Task goal:
Please, without any pictures, transcribe the lines from the one holding "Хэтчбек Ford Focus 2015 в" to the end of the listing, both ends included.

── Data shown

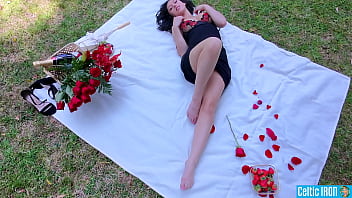 Beverly hills bus stop romantic deepthroat blowjob doggystyle facial alexa chains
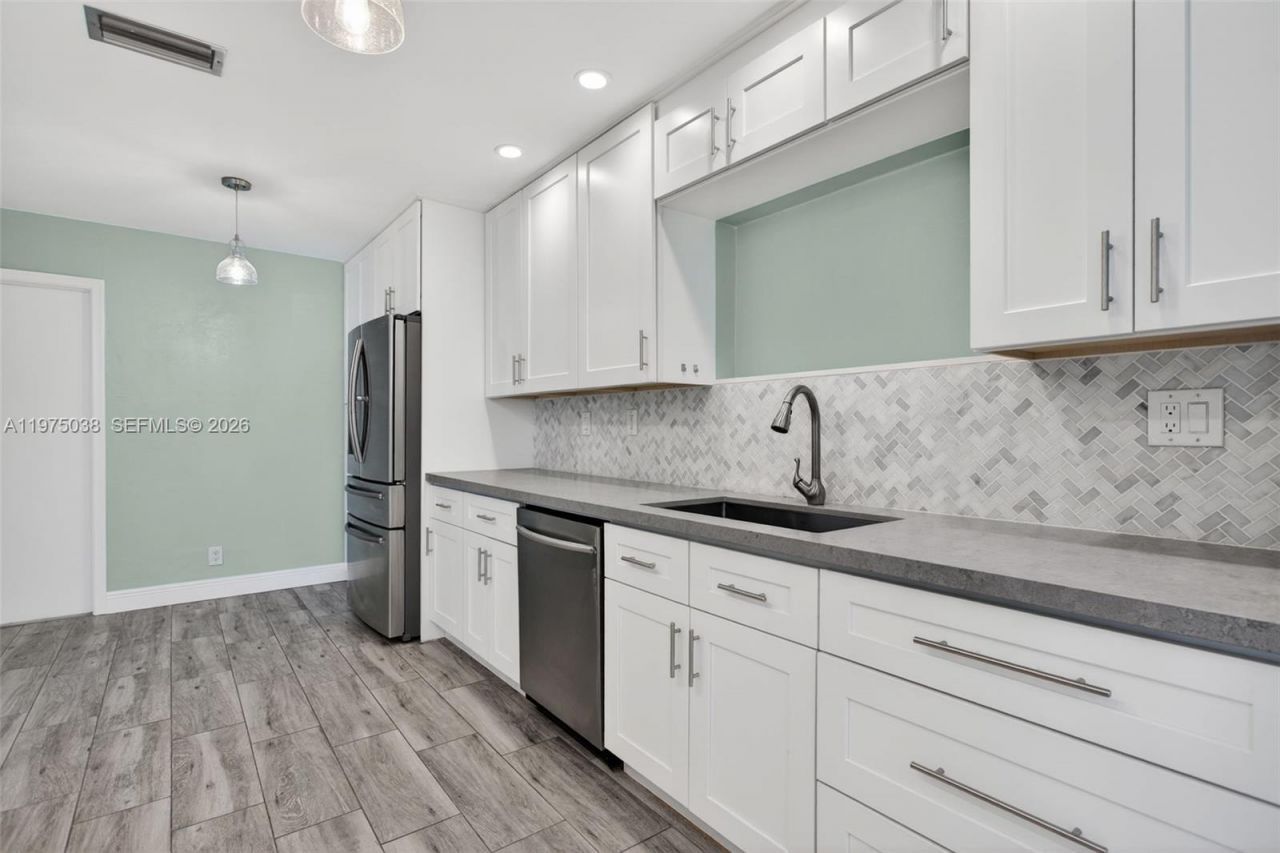 7613 NW 67th Ave, Tamarac, FL 33321 Photo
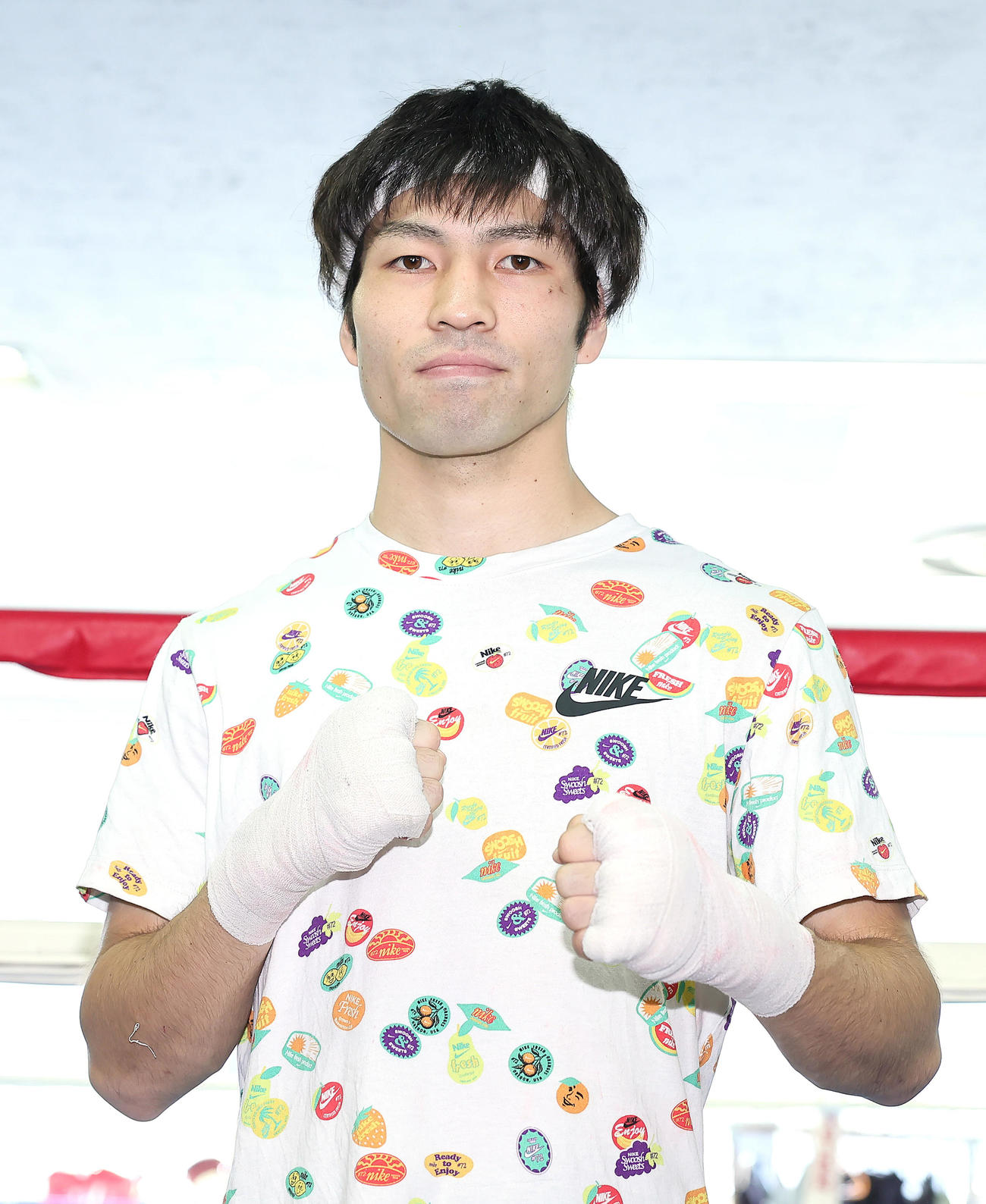 ポーズを決めるユーリ阿久井（撮影・足立雅史）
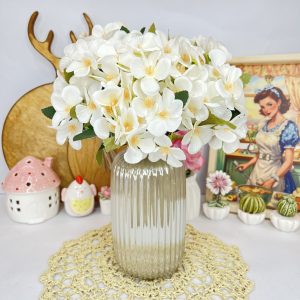 بوته گل هورتانسیا سفید ۵ شاخه و ۳۵ گل وارداتی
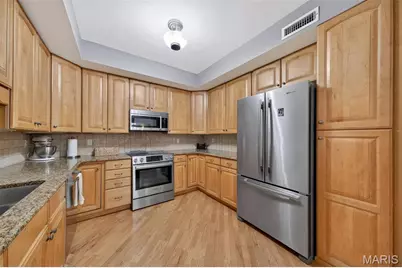 842 N New Ballas Court #102, Creve Coeur, MO 63141 - Photo 7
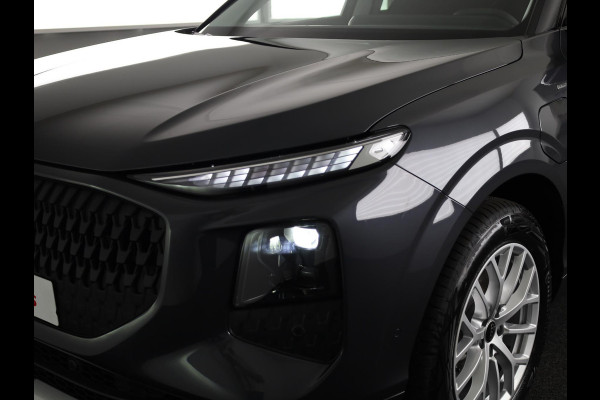 Audi Q3 Advanced edition e-hybrid 272 pk | Techniekpakket plus | Ambiente lichtpakket | Privacy glas | Functioneel pakket |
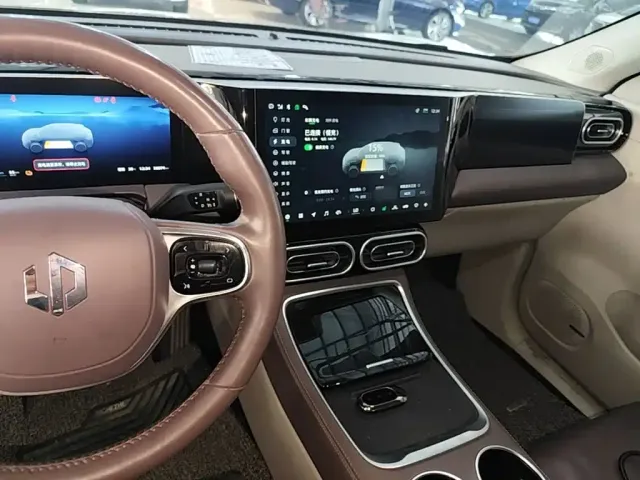 Leapmotor C11 — Фото автомобиля 9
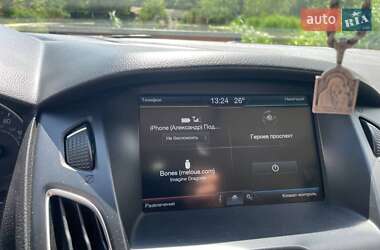 Хэтчбек Ford Focus 2015 в 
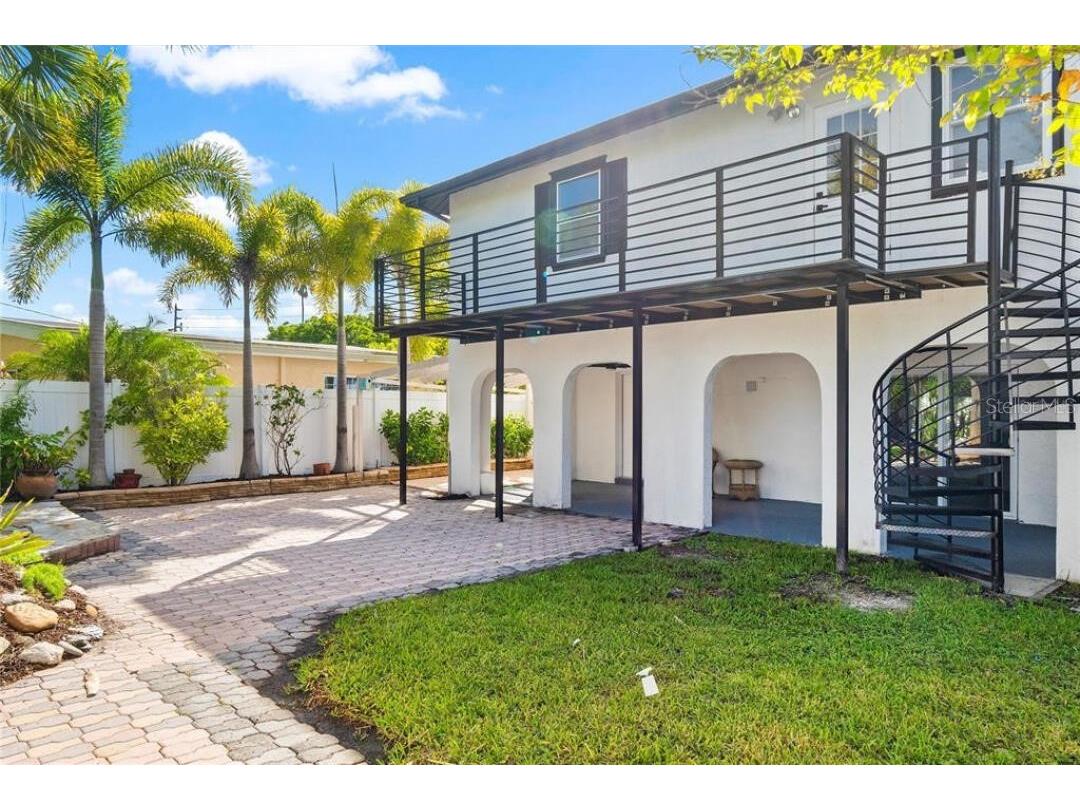 307 161st Avenue Redington Beach FL 33708 O6398521 image2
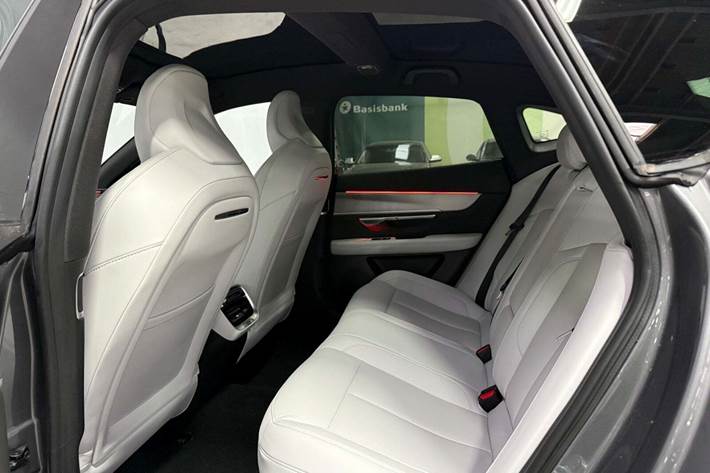 Grå Xpeng P7 fra 2024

────

Written solution:
 Хэтчбек Ford Focus 2015 в 
 307 161st Avenue Redington Beach FL 33708 O6398521 image2
 Grå Xpeng P7 fra 2024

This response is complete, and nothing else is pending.